» **Work to be completed**
From the first line to the last, copy the listing exactly and omit the images.

++++ Input data ++++

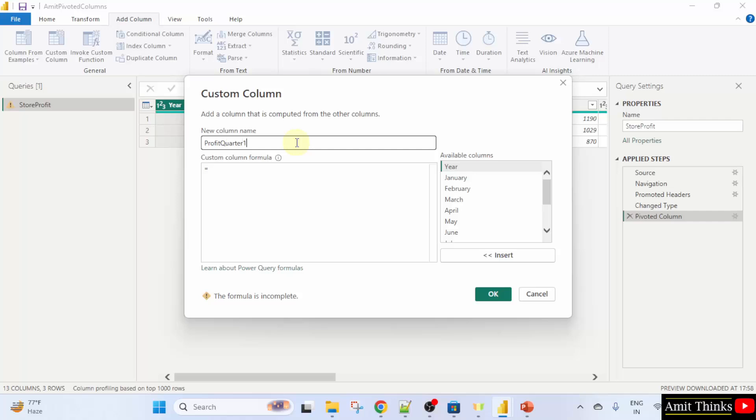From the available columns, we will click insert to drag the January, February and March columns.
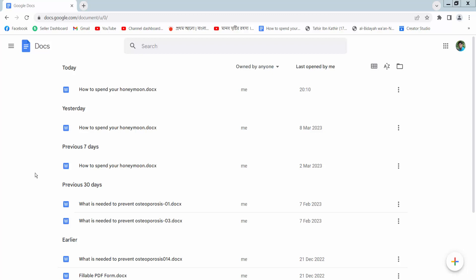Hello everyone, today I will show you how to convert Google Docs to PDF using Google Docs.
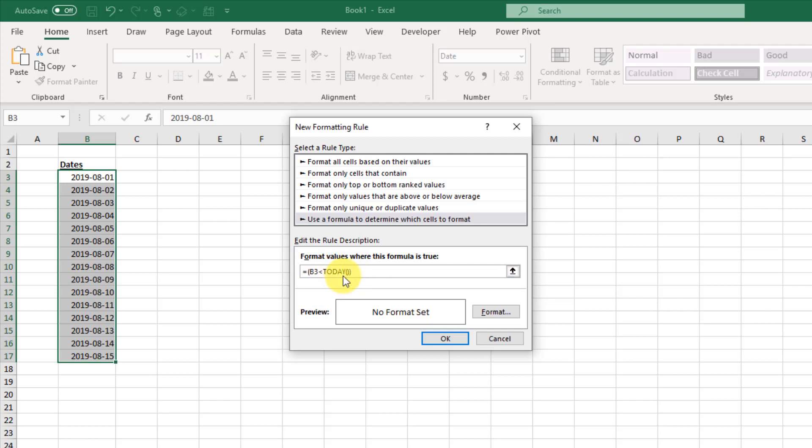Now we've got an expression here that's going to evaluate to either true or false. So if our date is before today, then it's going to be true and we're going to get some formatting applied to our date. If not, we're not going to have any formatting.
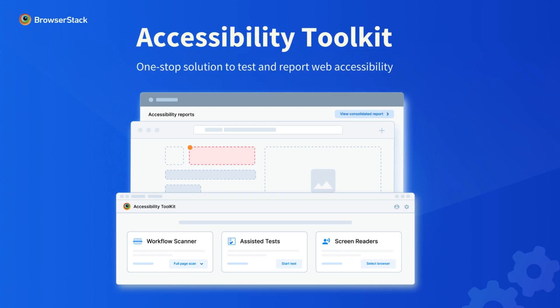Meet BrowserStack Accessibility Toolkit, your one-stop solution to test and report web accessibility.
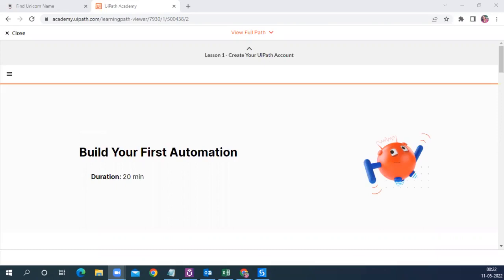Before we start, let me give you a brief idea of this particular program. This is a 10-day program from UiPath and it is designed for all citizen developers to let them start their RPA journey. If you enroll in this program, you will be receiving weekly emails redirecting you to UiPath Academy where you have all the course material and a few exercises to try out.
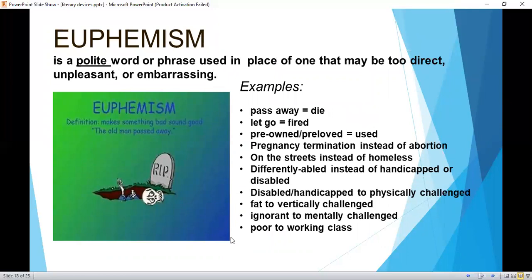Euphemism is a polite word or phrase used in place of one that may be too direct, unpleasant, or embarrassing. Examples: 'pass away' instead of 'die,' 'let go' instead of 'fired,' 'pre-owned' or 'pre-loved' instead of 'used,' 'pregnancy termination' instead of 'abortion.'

++++

» **Task answer**
From the available columns, we will click insert to drag the January, February and March columns.
Hello everyone, today I will show you how to convert Google Docs to PDF using Google Docs.
Now we've got an expression here that's going to evaluate to either true or false. So if our date is before today, then it's going to be true and we're going to get some formatting applied to our date. If not, we're not going to have any formatting.
Meet BrowserStack Accessibility Toolkit, your one-stop solution to test and report web accessibility.
Before we start, let me give you a brief idea of this particular program. This is a 10-day program from UiPath and it is designed for all citizen developers to let them start their RPA journey. If you enroll in this program, you will be receiving weekly emails redirecting you to UiPath Academy where you have all the course material and a few exercises to try out.
Euphemism is a polite word or phrase used in place of one that may be too direct, unpleasant, or embarrassing. Examples: 'pass away' instead of 'die,' 'let go' instead of 'fired,' 'pre-owned' or 'pre-loved' instead of 'used,' 'pregnancy termination' instead of 'abortion.'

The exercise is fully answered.